59 entry daha
  • doktorum koşu bandını koşma değil, tempolu yürüme için kullanmamı tavsiye etmişti. orgasmico ve pele'nin de yazdığını özet geçerek "koşmak kalbine, bantta koşmak dizine zarar" demişti. iki aydır her gün değilse bile haftada 3-4 kez en az yarımşar saat tempolu yürüyorum. son birkaç senedir masadan kalkamadan çalışmanın aldırdığı kiloların yarısını vermiş durumdayım. yememe de dikkat ediyorum ve haftada bir kilo zorlanmadan gidiyor (kilo alırken de yememe dikkat ediyordum, aradaki esas fark hareketsizlikti).

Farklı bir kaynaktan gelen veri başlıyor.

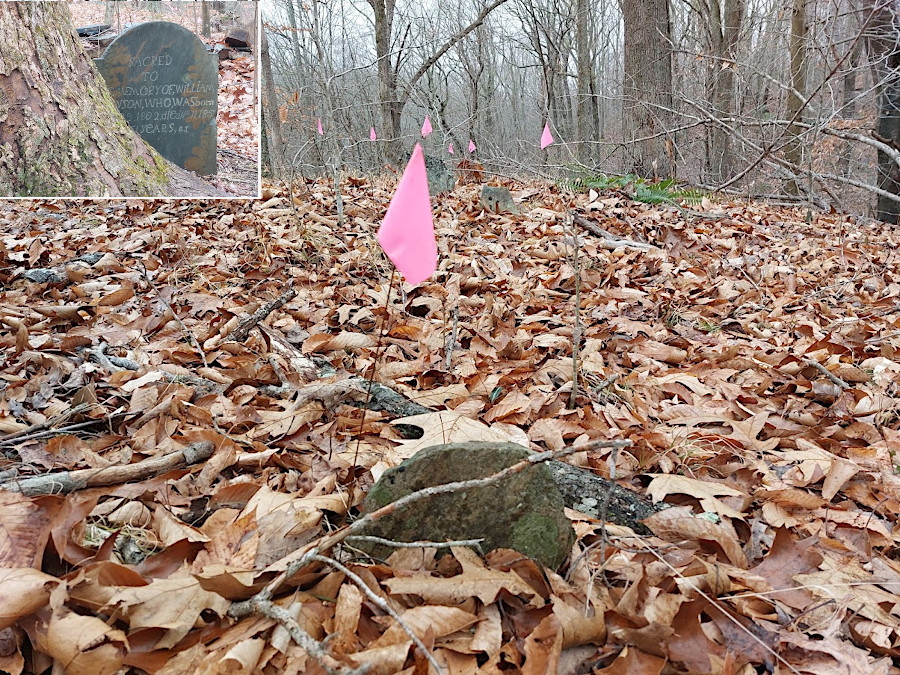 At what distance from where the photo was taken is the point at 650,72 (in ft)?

    bantta değil doğada egzersiz yapın diyen ferclack haklı muhakkak. ama yakın çevremde koşuya - yürüyüşe uygun bir alan kesinlikle yok. her koşu yapmam gerektiğinde sahil yoluna ya da belgrad ormanlarına vs. gidecek kadar vaktim olsaydı zaten hayatım hareketli geçerdi ve kilo almamış olurdum. vakitsizlik değiştiremediğim başlıca koşul olunca, koşu bandı tek çözüm haline gelmişti (bu arada koşul bandı yazmak çok istedim bu cümle de onun için).

    evde koşu bandı olması benim durumumda (evde yoğun çalışma + çocuk) büyük bir avantaj. sabah erken kalkıp 30-60 dakika kadar tempolu yürüyüş yapıyorum, spor salonu cinslikleriyle, spor salonu insanlarıyla uğraşmak zorunda kalmıyorum, kendi evimin banyosunda temiz temiz duşumu alıyorum ve işim, eşim ya da kızım bana ihtiyaç duyduğunda zzzzıp diye yanlarında oluyorum.

    yalnız hala çözemediğim bir sorun var. bantta yürümek acayip sıkıcı. hiç yorulmasam bile sadece o yüzden bırakasım geliyor. doğada yürürken haliyle sıkılmıyor insan. ama evde gegen die wand yürürken ne müzik, ne de televizyon o sıkıntıyı geçiriyor. spor yaparken kulaklıkla müzik dinlemeyi zaten sevmiyorum. başkaları nasıl beceriyor bilmiyorum ama benim kulaklık kablolarıyla aram çok kötü. elime koluma takılır, kulağımdan fırlar, iki dakika sonra delirip mp3 player'ı da kulaklığı da yere atarım. ayrıca bir saatlik sporun terini yiyen kulaklık bir daha adam olmuyor (temmuzun ortasında trekking yaparken terlemeyen insanüstü varlıklar tanıyorum, ben onlardan değilim). mesela son kulaklığımın kauçuk kaplamaları, ter yüzünden resmen eridi (çok erken saatte spor yaptığımdan müziği kulaklıksız dinlemek bir seçenek değil).

    koşu bantlarıyla ilgili bir başka problem, aşağı kattakiler için çok pis bir gürültü kaynağı olması*. ama bunu çözmenin yolları var. koşu bantlarını satan firmalar altına koymak için darbe emici matlar da satıyorlar. bu matlar gürültüyü biraz kesiyor. esas çözüm ise şu: eğer aşağıya gürültü gitmesi istenmiyorsa, koşu bandını evin en küçük bir odasında duvar dibine yerleştirerek kullanmak lazım. salonunki gibi geniş bir zeminin ortasına koyulduğunda yer her adımda çok pis sallanıyor. ama küçük odada ve duvar dibindeyken aşağı kata gidecek kadar büyük bir titreşim neredeyse hiç olmuyor. bir davulun ortasına vurmakla bir darbukanın en kenarına vurmak arasındaki fark gibi.

    not: hangi odada olursa olsun, iyi havalandırılabilen bir yer olsun.

    edit: bu entry'yi yazdığım tarihten bu yana yavaş yavaş 15 kilo verdim. ucubik diyetlerle hızlı kilo vermek çok kolay ama misliyle geri alınıyor, sabretmek lazım.